Now, this is not as much of a stretch as you might think, I had always been into the performing arts as a child, and so I decided, if I was going to take a break from graduate school, I was going to go as far away from science as I could get. And so, trying to become an actor is hard, too. And not the most lucrative career move either. So, I quickly discovered that I was not willing to starve to become an actor. And so, I took a position to help make ends meet as a teacher in the Los Angeles unified school district, primarily getting positions at this one middle school, right in the heart of South Central L.A.
So, this was another turning point for me. It was this experience, working with these children who were considered “underserved” that made me realize something: those feelings that I felt in graduate school, where I didn’t feel smart anymore, or that I was so insecure; there are kids dealing with that in the seventh grade. I didn’t experience it until grad school. So, if those feelings could be so significant for me, as an adult, with a track record of success, that these feelings could prompt me to leave a place like Harvard, how damaging could they be to a seventh-grader?
This issue of stereotype threat can literally impact the students’ ability to achieve. If you tell a group of girls, before they take a math test, that boys are better at math, those girls will perform worse than if you had not identified this negative stereotype at all.
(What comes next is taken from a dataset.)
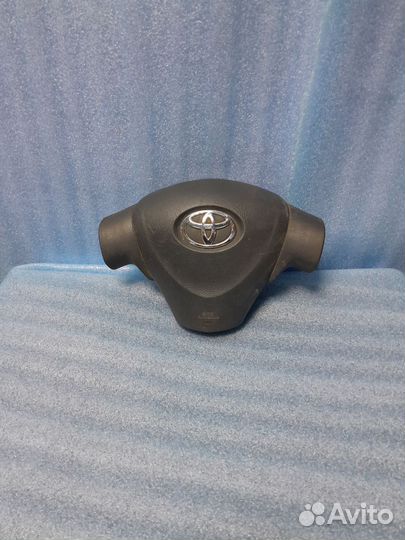 Подушка безопасности в руль Toyota auris E150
And the same is true for African-Americans and Hispanics. Students who express interest in STEM in middle school, are three times as likely to graduate with a degree in STEM.
Middle school, unfortunately, is also the age where girls and minorities become more susceptible to losing interest in STEM. So, I decided that, after being gone from Harvard for more than a year, that I wanted to go back, and I was going to finish that degree. And not just because I wanted to be a role model for kids, but I wanted to also prove to myself that I could do it, and more importantly, I was hoping that somebody, someday, might see someone who looks like me and be inspired to think, “Hey! Maybe I can do it, too.”
So, when I got back to Harvard, it was even harder the second time! That impostor syndrome was waiting for me right at the front door. But my perspective was a little different this time, and I had an added incentive, an additional motivation. I was determined to not quit, so I kept going. And it was not until I was about to graduate, that I got a very simple but practical piece of advice that finally gave me a tool to help address and combat this impostor syndrome. A post-doc in my life said to me, “Knatokie, you have to get out of this habit of comparing yourself to other people. The only person that you should compare yourself to is you. If you can look at where you are today, versus where you were six months or a year ago, and if you can see progress, that’s all that matters, that’s what success is.” And that was a real game changer for me.